I have a table with content for my website and there are website addresses within the content that all end in something similar to:
-c.123.html
-c.134.html
-c.12.html
-c.345.hml
so the full website address would be something like
www.website.co.uk/websitepage-c.123.html
the numbers are different inbetween the -c. and the html
I want to remove all of the -c.***.html
REPLACE doesn't do that. What you might be better off doing is a bit of string slicing - take the left part of the string up to the -c bit, and then adding back the last few characters.
Either that, or you could find / write a CLR routine to do the job. See, for example, this set of posts: https://www.sqlservercentral.com/blogs/regex-in-sql-server-for-replacing-text
Answer by Jeff Moden ·
This should do it.
SELECT testdata.WebSite ,Cleaned = CASE WHEN testdata.WebSite LIKE ('%[-]c.[0-9]%[0-9].h%') THEN SUBSTRING(testdata.WebSite,1,PATINDEX('%[-]c.[0-9]%[0-9].h%',testdata.WebSite)-1) ELSE testdata.WebSite END FROM (VALUES --Simulating the readily consumable test data you forgot to post ('www.website.co.uk/websitepage-c.123.html') ,('www.website.co.uk/websitepage-c.134.html') ,('www.website.co.uk/websitepage-c.12.html') ,('www.website.co.uk/websitepage-c.345.hml') ,('www.website.co.uk/websitepage-calls.345.hml') )testdata(WebSite) ;
Answer by Magnus Ahlkvist ·
To me, this would be one of the rare cases for using CLR-functions (as Thomas Rushton suggests). In .NET you have Regex-methods which you can expose in a CLR Function.

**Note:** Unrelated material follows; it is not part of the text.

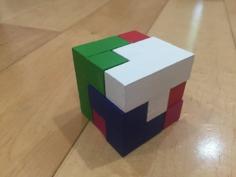 Puzzle Cube 3D Printer Model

Using substring as srutzky suggests is not a safe way to solve this problem, as it can't handle multiple matches, it'll use the leftmost match och '-c.'. It would return incorrect results for this one for example: https://www.section-c.com/c-123.html But with RegEx functions, you can create more complex pattern-matching for replace.
Answer by srutzky ·
If I am understanding the request correctly, then all you need is a simple SUBSTRING since there is a common, static piece of text that you can match on — "-c." — so you can ignore the part with the numbers that you want to get rid of. For example:
DECLARE @Values TABLE ( [Value] NVARCHAR(100) NOT NULL ); INSERT INTO @Values ([Value]) VALUES (N'https://www.website.co.uk/websitepage-c.123.html'); INSERT INTO @Values ([Value]) VALUES (N'https://www.section-c.com/c-123.html'); ;WITH cte AS ( SELECT [Value], (CHARINDEX(N'-c.', [Value]) - 1) AS [Pos] FROM @Values ) SELECT SUBSTRING([Value], 1, IIF(cte.[Pos] > 0, cte.[Pos], LEN([Value]))) FROM cte ;WITH cte AS ( SELECT [Value], (PATINDEX(N'%-c.[0-9]%', [Value]) - 1) AS [Pos] FROM @Values ) SELECT SUBSTRING([Value], 1, IIF(cte.[Pos] > 0, cte.[Pos], LEN([Value]))) FROM cte
That returns:
https://www.website.co.uk/websitepage https://www.section
and then:
https://www.website.co.uk/websitepage https://www.section-c.com/c-123.html
If for some reason have more complex requirements that can't easily be done using T-SQL, then you can use RegEx if SQLCLR is an option (and it definitely is not if you are using either Azure SQL DB single DB or SQL Server 2017+ on AWS RDS). Several pre-compiled RegEx functions are available in the free version of SQL# (SQLsharp), a SQLCLR library containing many functions and stored procedures (that I wrote).